You will be working with two types of data: (1) the position of the animals when relocated, probably in a table with coordinates and extra columns for additional details, and (2) habitat data for the whole study area, in the form of GIS files.
What this covers:
For background information, look at the vignette for adehabitatHR. We'll look at the example which they provide, puechabonsp. Open R and enter the following code:
The example data is a list with two elements: "map" is a SpatialPixelDataFrame, which holds raster data, and "relocs" is a SpatialPointsDataFrame which holds the tracking data. These data classes are defined in R's sp package, and are used by all packages using spatial data. The Spatial* classes are for data which apply to a specific place on the earth; so they all contain coordinates and the CRS used. Well, that's not quite true, it is possible for the CRS to be "NA", but that rather defeats the purpose!
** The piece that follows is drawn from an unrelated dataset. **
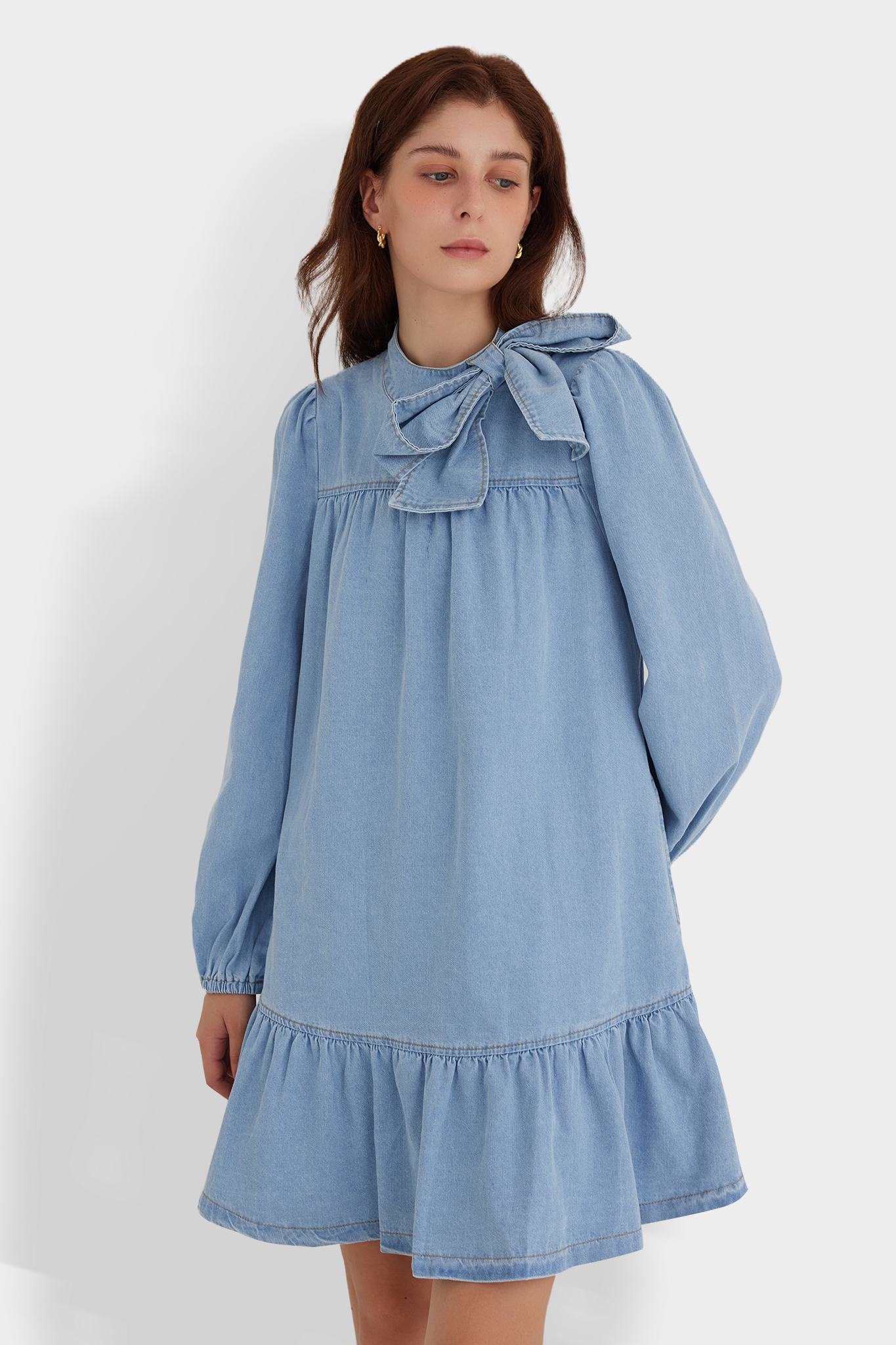 Puff Long Sleeve Denim Dress With Bow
The actual CRS is not important for home range analysis (and for puechabonsp it's "NA"), provided (1) it is a projected CRS, ie. using metres not degrees, and (2) all the coordinates have the same CRS.
The example we use below is based on the puechabonsp data set. You can download the example data here. It's a .zip file: you should extract all the files and place them in a folder on your hard drive, not on the desktop. In R, go to File > Change dir... and navigate to the folder containing the data.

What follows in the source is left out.